The Strathcona Regional District is working on a new policy to require that all petitions presented to its board include signatures following an incident this spring.

A petition, circulated around Area D in support of replacing playground equipment at Hagel Park, caused some skepticism around the regional district board table after some directors questioned the document’s validity.

Names on the petition were printed, rather than signed, and some directors said it looked like many of the names were printed in a remarkably similar fashion.

That prompted directors to ask regional district staff for a review of the corporation’s procedure policy for receiving petitions and other correspondence.

At the June 22 board meeting, Tom Yates, the regional district’s corporate services manager, said the regional district does not have a policy governing the receipt of petitions but it does have one for correspondence, albeit nearly 20 years old with ambiguous language.

“An older policy (1998) was inherited from the Comox-Strathcona Regional District which addresses the requirement for correspondence to be signed before it may be received by the regional board,” Yates said. “Since petitions may be considered a form of correspondence, albeit one in which there are typically many persons involved, it is possible to interpret the current policy as disallowing receipt of petitions unless they have been signed.”

That’s because the policy reads: “That the policy of the Regional District of Comox-Strathcona be that unsigned correspondence will not be received by the Regional District Board.”

Area D Director Brenda Leigh said it would serve the regional district well to update its policy to include all forms of correspondence.

“This policy would also assist directors in making decisions into public hearings. If somebody signs a document and its authenticity, or if someone just checks ‘I agree with this’ and their name is printed, we don’t know who signed it or what,” Leigh said. “Then we’re in the realm of manufactured consent and that’s really difficult for directors to make decisions on what’s authentic and what isn’t.
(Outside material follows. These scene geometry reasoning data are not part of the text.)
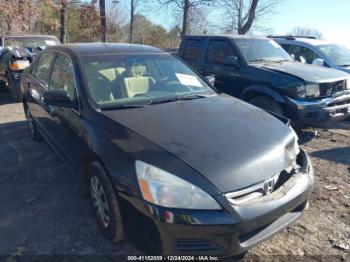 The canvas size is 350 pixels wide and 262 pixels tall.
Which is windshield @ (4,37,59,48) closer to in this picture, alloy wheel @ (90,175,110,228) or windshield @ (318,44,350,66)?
windshield @ (318,44,350,66)

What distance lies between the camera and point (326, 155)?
4957 mm

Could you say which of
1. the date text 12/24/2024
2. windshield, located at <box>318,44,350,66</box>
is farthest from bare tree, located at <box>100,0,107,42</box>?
the date text 12/24/2024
I think we need to have this policy and the sooner the better.”

Yates said regional district staff will come back with a draft policy to deal with unsigned correspondence and then it will be up to the board to debate and make decisions on.

Campbell River Director Andy Adams wanted to know if other jurisdictions already have such policies in place which the Strathcona Regional District could consider to “see the success or lack of.”

Yates replied that in his experience, most do have policies that govern the receipt of petitions and other correspondence and lay out a set of standards for receipt.

Adams said in that case, “find the ones that work and bring them back.”